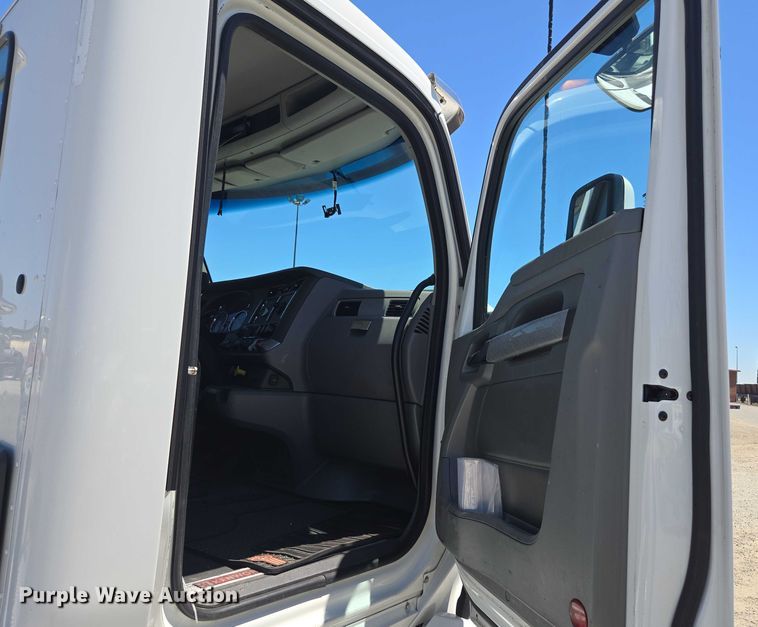 image for item DH8669 2016 Kenworth T880 semi truck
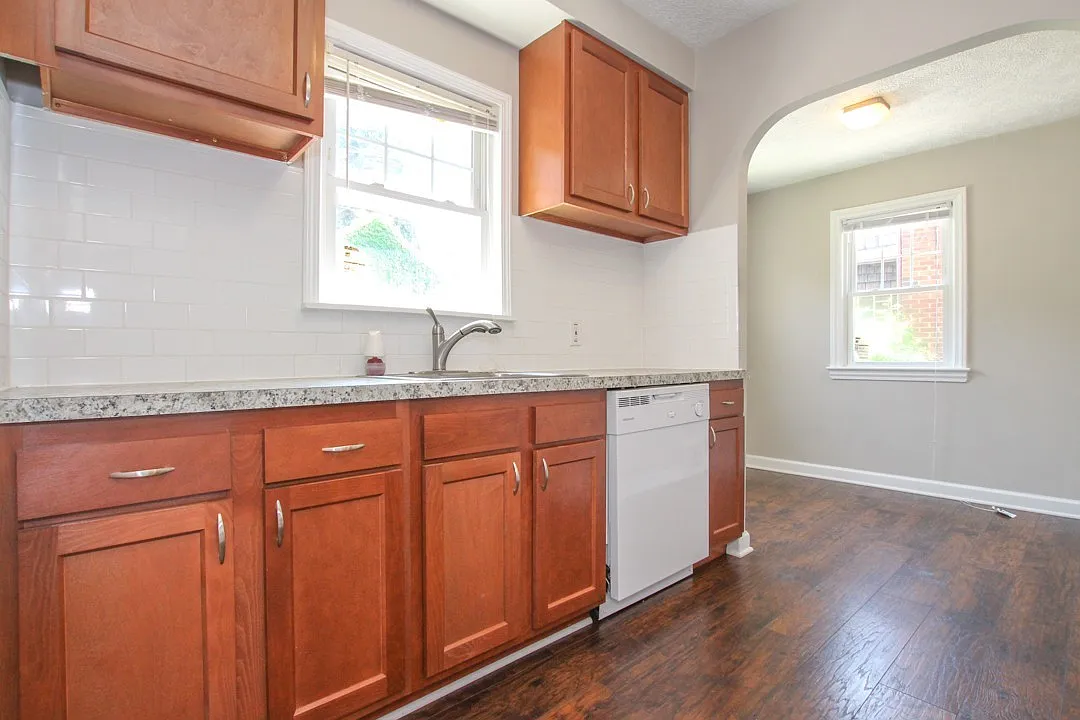 3690 Washington Blvd photo 1
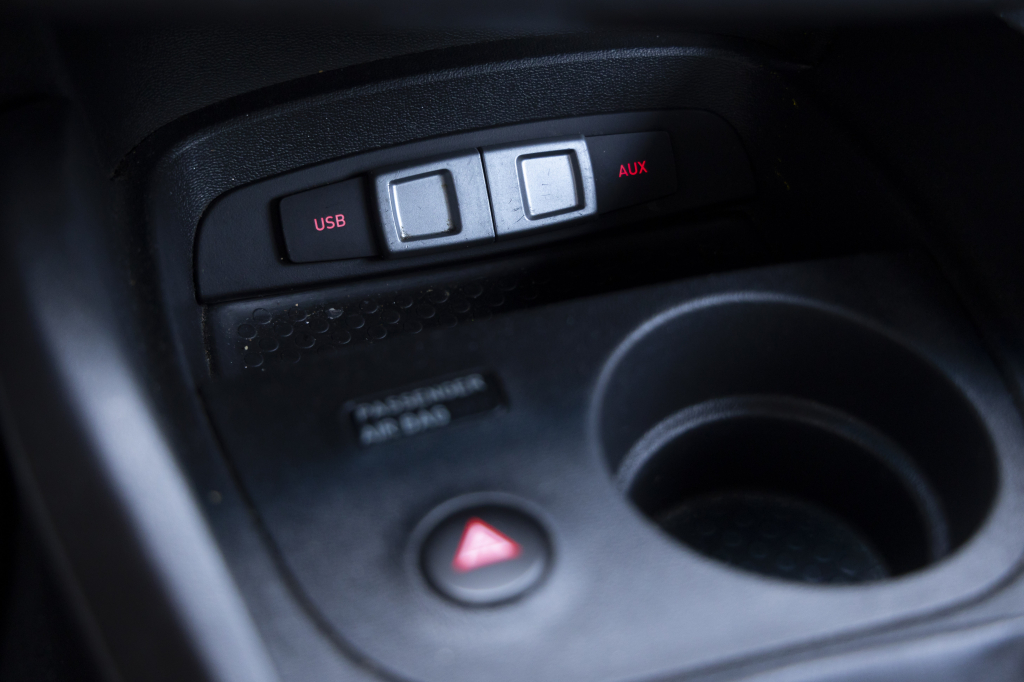 SEAT Leon 2011 фото 19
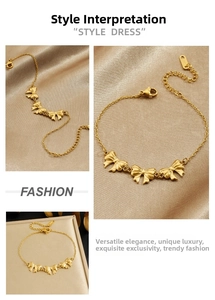 Détail du bracelet en acier doré avec nœuds mats, chaîne réglable et fermoir mousqueton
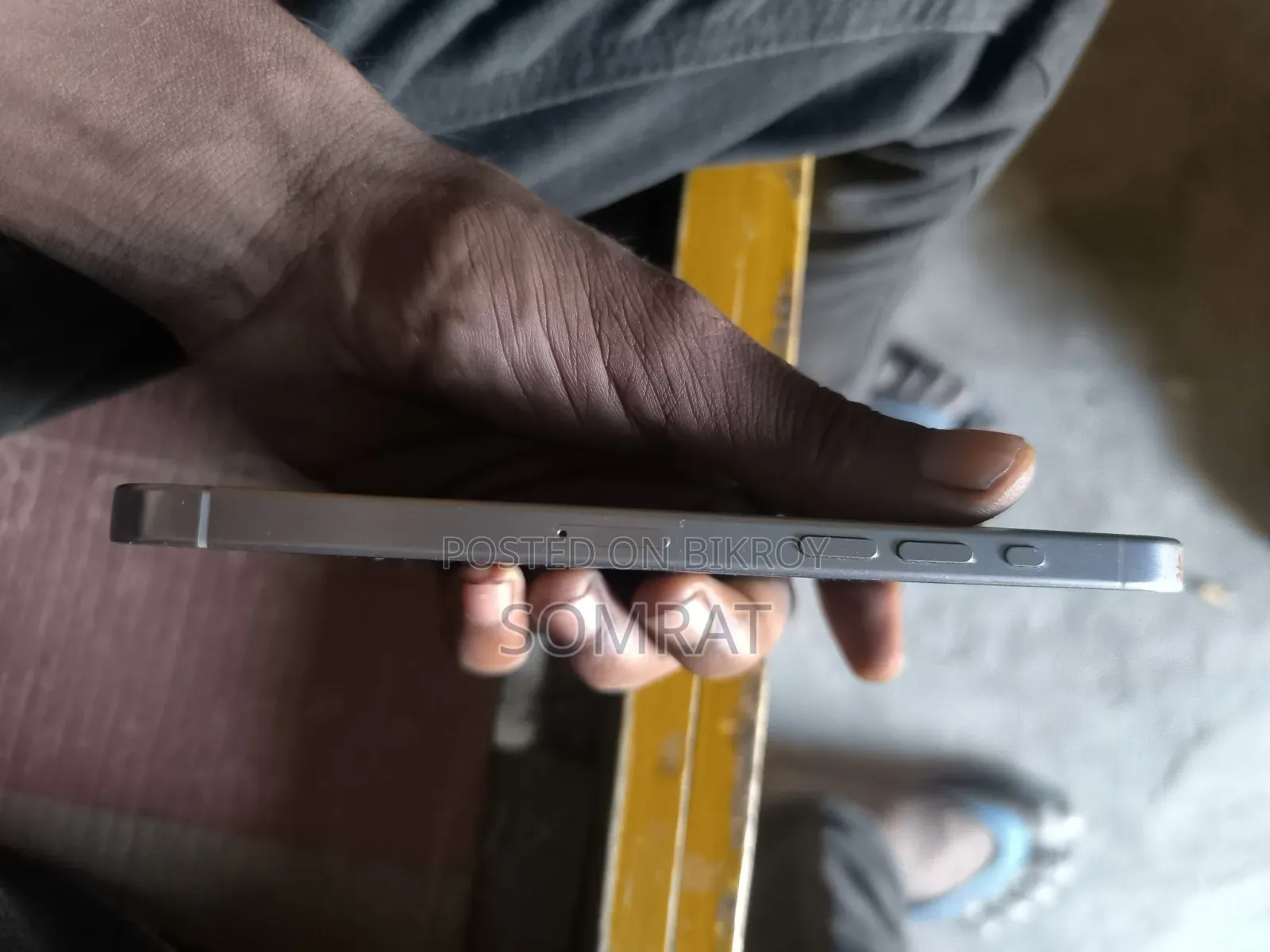 অ্যাপল আইফোন ১৫ প্রো ম্যাক্স ২৫৬ জিবি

What you will do
Could you return exactly the lines starting with the one that contains "SEAT Leon 2011 фото 19" and ending with the last line of the data above? Leave the pictures out.

Written response
 SEAT Leon 2011 фото 19
 Détail du bracelet en acier doré avec nœuds mats, chaîne réglable et fermoir mousqueton
 অ্যাপল আইফোন ১৫ প্রো ম্যাক্স ২৫৬ জিবি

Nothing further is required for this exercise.